Boulder Fire Chief Michael Calderazzo has described the importance of our local airport: “We used it extensively during the floods for evacuating county residents to safety, but also as a command post. It provided a perfect location for command and control as well as a spot to jump in a helicopter and get an overview of damage for our incident command team for crucial planning purposes.”
A recent effort by a member of the Boulder City Council has caused Boulder city staff to research the possibility of closing the Boulder airport. The thought is that the 179-acre airport could be turned into affordable housing, free and clear. However, the FAA, having made substantial investments in our local airport over the past 20 years, will need to be reimbursed for all of their funding — estimated to be more than $100 million — hardly free and clear.
Given our experience with fire and flood emergencies in the recent past and knowing that Boulder now has the highest flood risk of any Colorado city, I doubt that any of us will question the value of our local airport.

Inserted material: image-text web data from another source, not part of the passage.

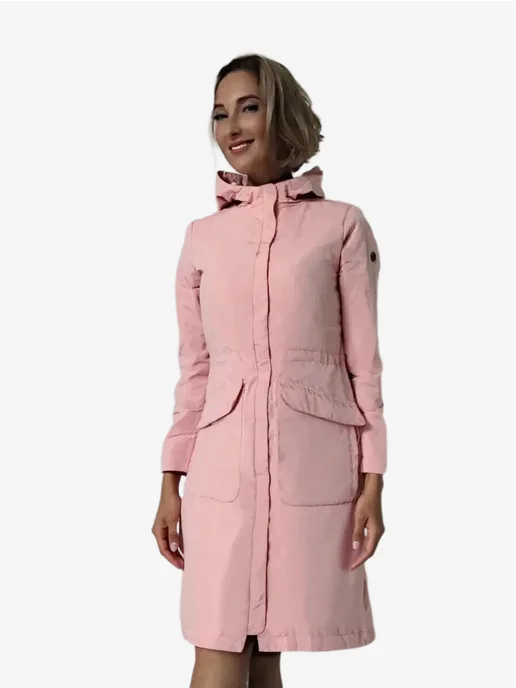 AERO GIACCA Летний плащ с капюшоном и кулиской, розовый, фото 4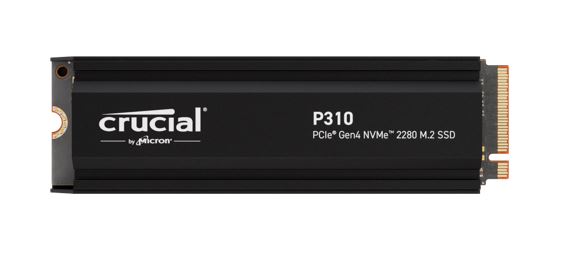 Crucial P310 4TB Gen4 2280 NVMe SSD Heatsink 7100/6000 MB/s R/W 800TBW 1000K/1000K IOPS 1.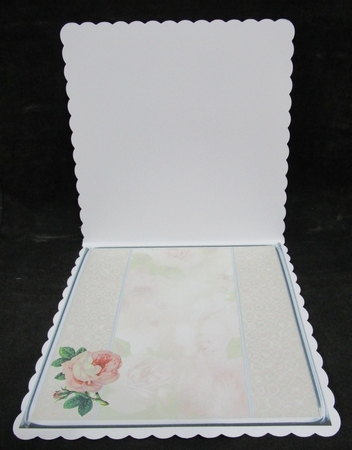 JJ PINK VINTAGE ROSE 8X8 QUICK CARD INSERT BLANK by Suzi Cooper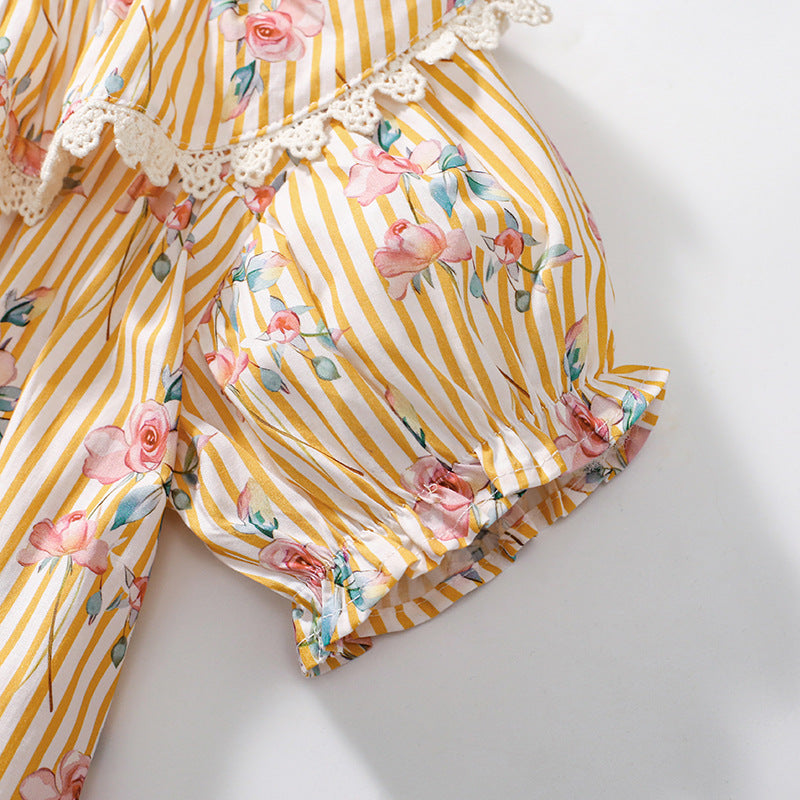 Summer Arrival Flowers and Stripe Pattern Short Sleeves Dress for Stylish Girls
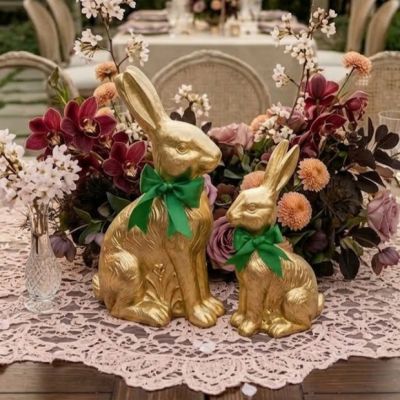 Decorative Gold Bunny with Green Bow Figure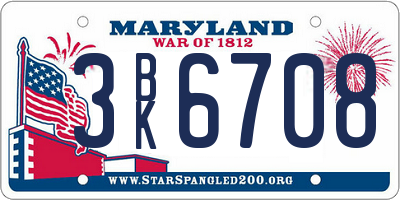 MD license plate 3BK6708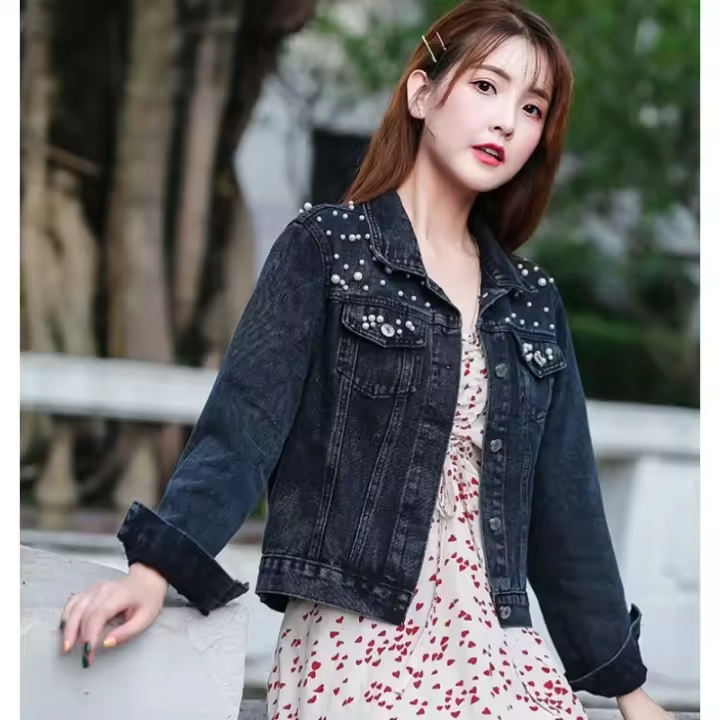 Chaqueta holgada con cuentas y pantalones vaqueros cortos para mujer, novedad, 2024 - 1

But, if so, consider that the Boulder Municipal Airport is an economic engine for the Boulder area, providing 259 jobs and an annual business impact of $50.6 million.
The Boulder airport also provides pilot training and recreational opportunities. The Soaring Society of Boulder is one of the top three soaring clubs in the world. Boulder’s location near the foothills minimizes the distance that tow planes must fly to get to the mountains, where soaring is often the best.
Clemens Ceipek, president of the Soaring Society, calls the Boulder airport a trailhead to the infinite open space in the skies.
My friend Doree Hickman booked her 78th birthday trip with Mile High Gliders for a thrilling glider ride above Boulder. Isn’t this an example of the “quirky” Boulder we all love?
The Boulder nonprofit chapter of the Experimental Aviation Association has flown 230 Boulder County kids on free Young Eagle flights out of the Boulder airport in the past three years, giving them a chance at flight. Boulder airport companies are also leading the efforts for key aviation innovations such as the use of electric airplanes and unleaded gasoline.
The public has been fascinated with aviation since the early days of our nation. The federal airway system is a transportation network that most of us count on in our lives. Let’s all recognize the importance of the Boulder airport to our community and encourage our City Council to protect and support it.